Asset allocation. In 2011, 401(k) plans offered an average of 19 investment options, and the average investor used three of them. It's important to pick a mix of equities and bonds that suits your risk tolerance. "Stick with an asset allocation you are comfortable with and at least once a year, review your 401(k). If your stock portion has outperformed, then you rebalance back to your target allocation," says Madeyski. "This way, you don't let your emotions control your investing in your 401(k) and you are selling high and buying low in the sector that has underperformed."
Plan costs. A variety of fees are deducted from the money you deposit in your 401(k) plan for recordkeeping, investment management, and other costs associated with the plan. In 2012, 401(k) participants will receive new information about the fees deducted from their account, thanks to new Department of Labor rules. "Take a look at the investment fees associated with everything on the menu of investments available. The management fees are going to be disclosed as the expense ratio for each of the investment options in the plan," says Peg Eddy, a certified financial planner for Creative Capital Management in San Diego. "An actively managed mutual fund, which means a manager is buying and selling, is going to have a higher cost generally than an index fund."
How to rollover without tax. Every time you change jobs, you need to decide what to do with your old 401(k) plan. You can leave the money with your former employer or roll it over to an IRA or your new employer's retirement plan. If you decide to move your money, ask your financial institution to directly deposit the money in the new account you select. This allows you to avoid having 20 percent withheld for income tax. "If you are given a check and the check is made out to you personally, then that is counted as a distribution and could be taxable," says Madeyski. "If you are sent a check made out in your name, then send it back and ask them to make it out to the rollover IRA custodian."
Date early withdrawal penalty ends. Retirees who leave their job during the calendar year they turn 55 or later can take 401(k) withdrawals without having to pay the 10 percent early withdrawal penalty. However, if you leave the job sponsoring your 401(k) plan at age 54 or earlier, you will generally need to wait until age 59½ to take distributions without a penalty.
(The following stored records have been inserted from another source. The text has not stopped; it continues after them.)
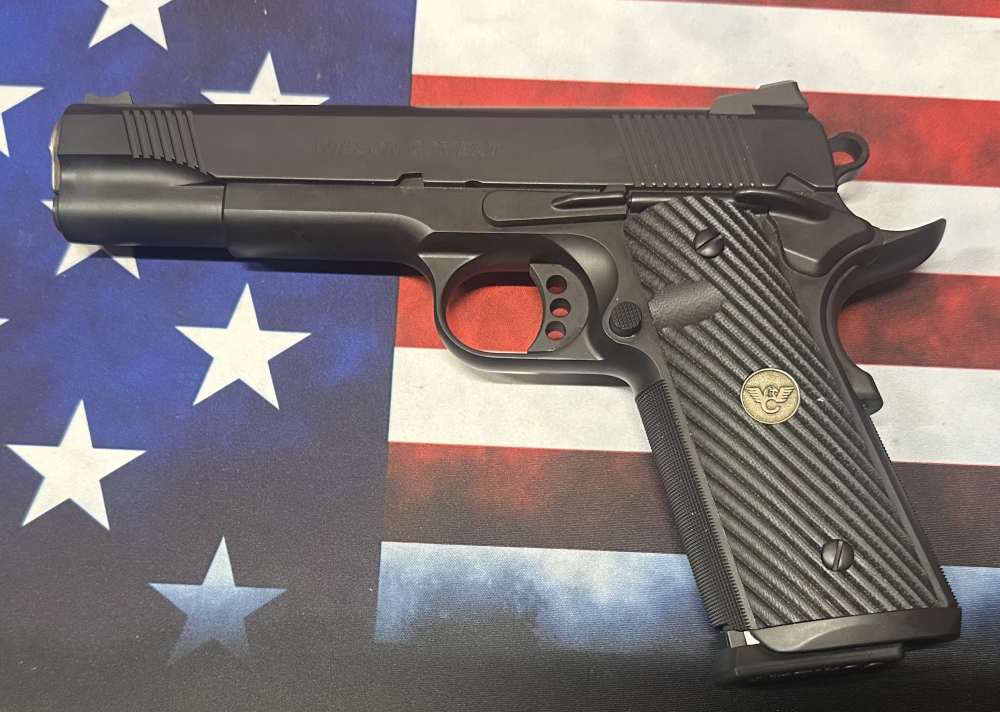 Exceptional Wilson Combat CQB Elite 45 Auto w Case + 3 Mags -img-7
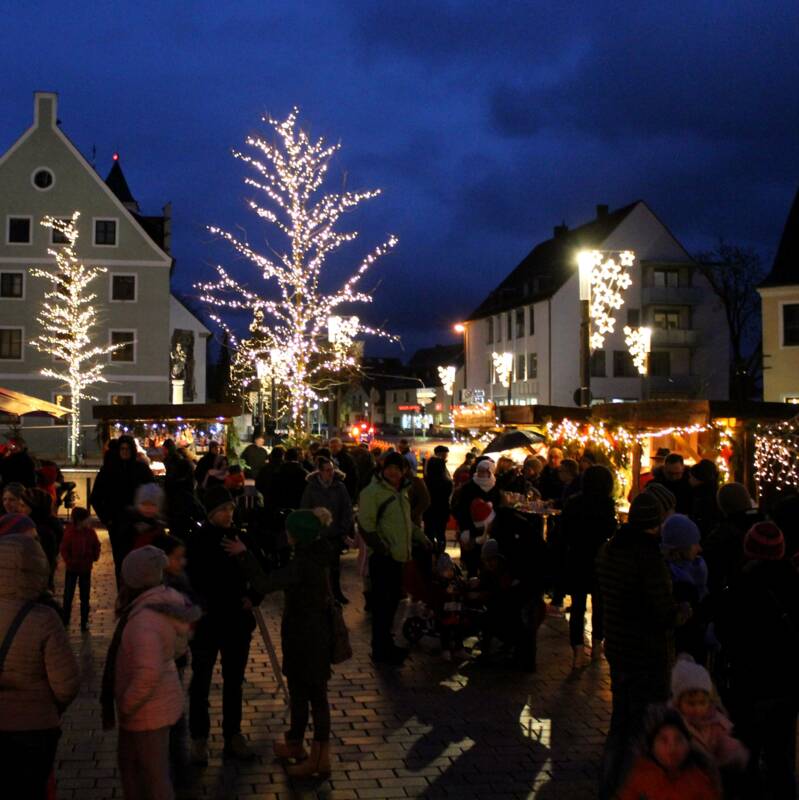 Adventsmarkt um das Fontänenfeld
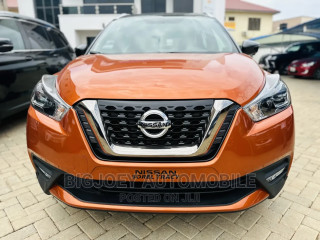 Nissan Kicks SV 2019 Orange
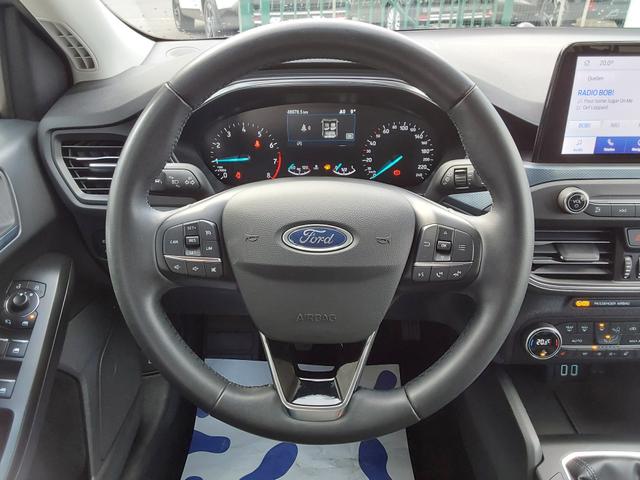 Ford Focus 1.0 EcoBoost Active APP/LED/SHZ/NAV/PDC/KAM 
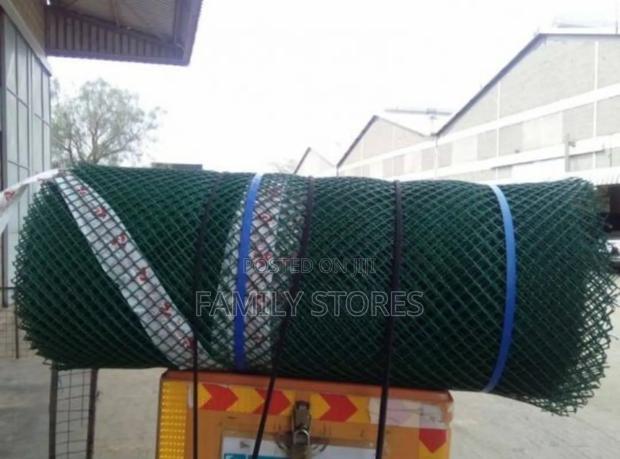 Chicken Farm Mesh Wire - main view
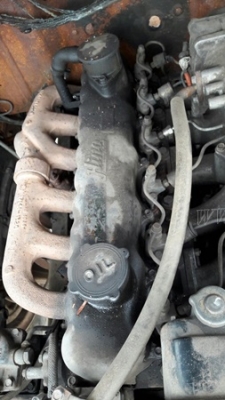 รถบรรทุก10 ล้อหัวยาว ยี่ห้อ NISSAN   ขายเฉพาะแซซซีและหัว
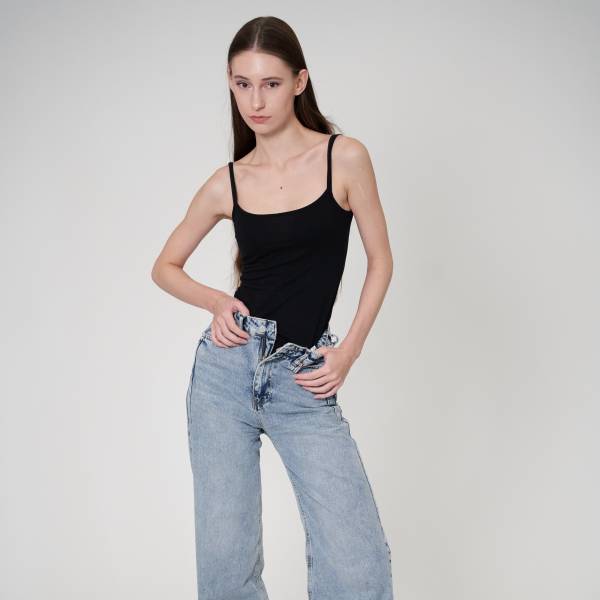 modelka s ID 0402MF9RQR p018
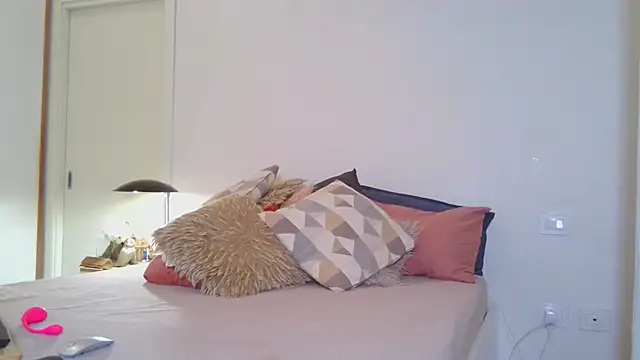 JuliaMartini online show from 01.15.26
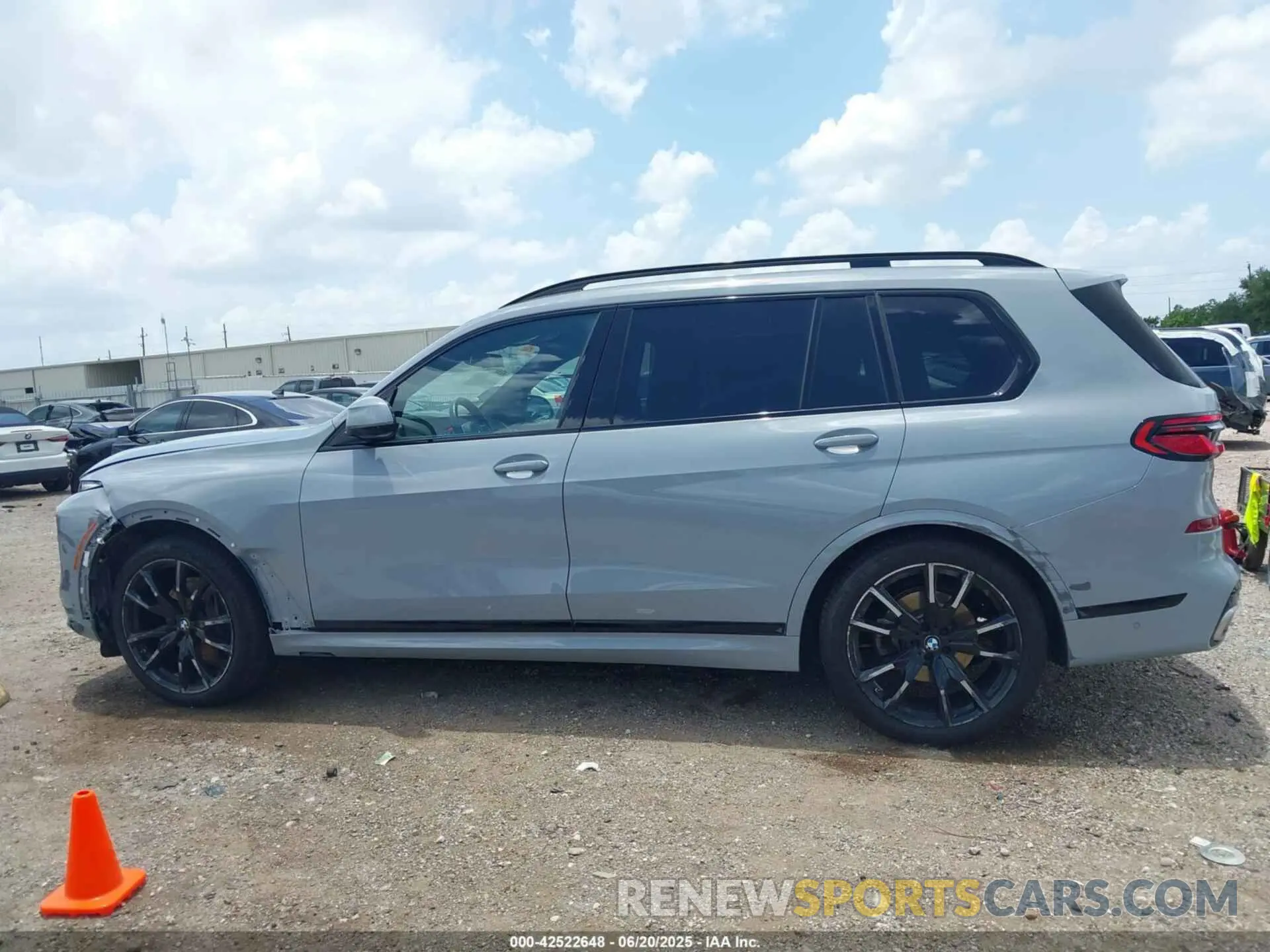 14 Photograph of a damaged car 5UX23EM0XR9U85925 BMW X7 2024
When to take money out. Withdrawals from 401(k)s become required after age 70½. The first required minimum distribution is due by April 1 of the year after you turn 70½, and subsequent withdrawals must be taken by December 31 each year. The penalty for failing to withdraw the correct amount is a 50 percent excise tax on the amount that should have been distributed. People who delay retirement past age 70½ (and who don't own at least 5 percent of the company sponsoring the plan) can delay 401(k) distributions from their current 401(k) plan until April 1 of the year after they retire.